A Raman Spectrum database made via ab initio, density-functional theory (DFT) electronic structure calculations could be highly useful in providing supplementary information that is difficult to obtain from experiments. For instance, some materials can be difficult to synthesize in a pure form, or their purity or phase content is unknown. The calculated results are also free of any instrumental contributions. Computational studies can also be faster and cheaper to carry out than experiments. Such a database would also be useful to computational researchers, e.g., by providing a reference spectra.
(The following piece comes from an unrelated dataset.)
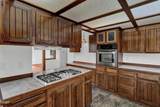 1115 Harbor Avenue - Photo 22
Moreover, large datasets can be used in material informatics for material screening or for training models via machine-learning. Still, compared to the experimental ones, the computational databases are of very limited size. This is due to the computational cost of these calculations, which makes them limited to small systems and/or a small number of materials. A few open-access libraries of computational Raman spectra already exist such as: (i) Computational 2D Materials Database (C2DB)9,14 that contains properties of a large number of 2D materials but only 733 structures have Raman spectra, (ii) WURM project15 is a database of computed Raman and infrared spectra for 461 minerals, and (iii) in developing high-throughput computational methods, Liang et al. calculated 55 inorganic compounds16.
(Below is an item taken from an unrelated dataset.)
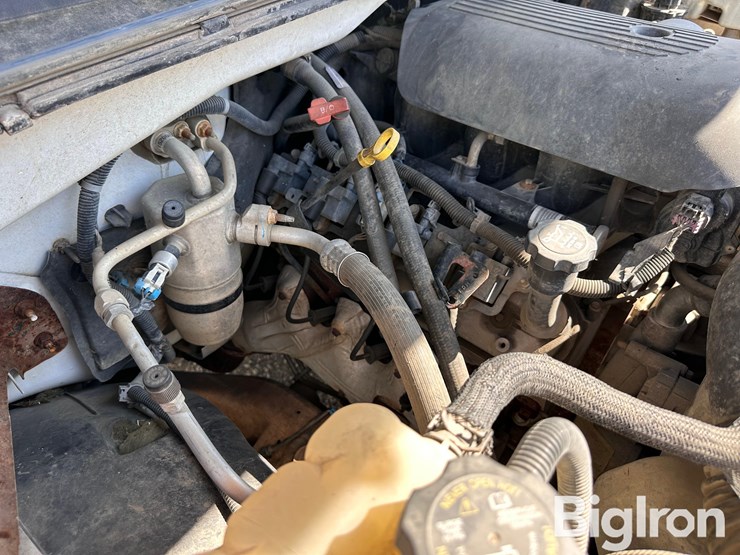 2004-chevrolet-silverado-1500-z71-image-20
In this paper, we report on our research to develop optimized high-throughput workflow to carry out the Raman tensor calculations and build a large database of computational Raman spectra, while taking advantage of the calculated phonon properties in Phonon database17. For selected systems, the calculated spectra are compared to those obtained using previous computational methods as well as to the experimental ones reported in the literature. The database of Raman spectra and vibrational properties reported along with this paper consists of 5099 compounds from many different material classes, far surpassing in size the previous computational databases and comparable to the experimental ones.

Methods

Simulation of Raman spectra

In Raman spectroscopy measurements, incident laser photons with a specific frequency ωL interact with lattice vibrations, described in the form of phonons in crystalline materials, and the spectrum of inelastically scattered photons are recorded. Scattered photons exhibit either a decrease in frequency ωS upon creation of phonon or increase in frequency upon annihilation of a phonon, denoted as Stokes or Anti-Stokes shifts, respectively. The intensity of the peaks is related to the Raman scattering cross section, which can be challenging to calculate since the ion (and electron) dynamics in the material need to be described concurrently with the light-matter interaction18,19.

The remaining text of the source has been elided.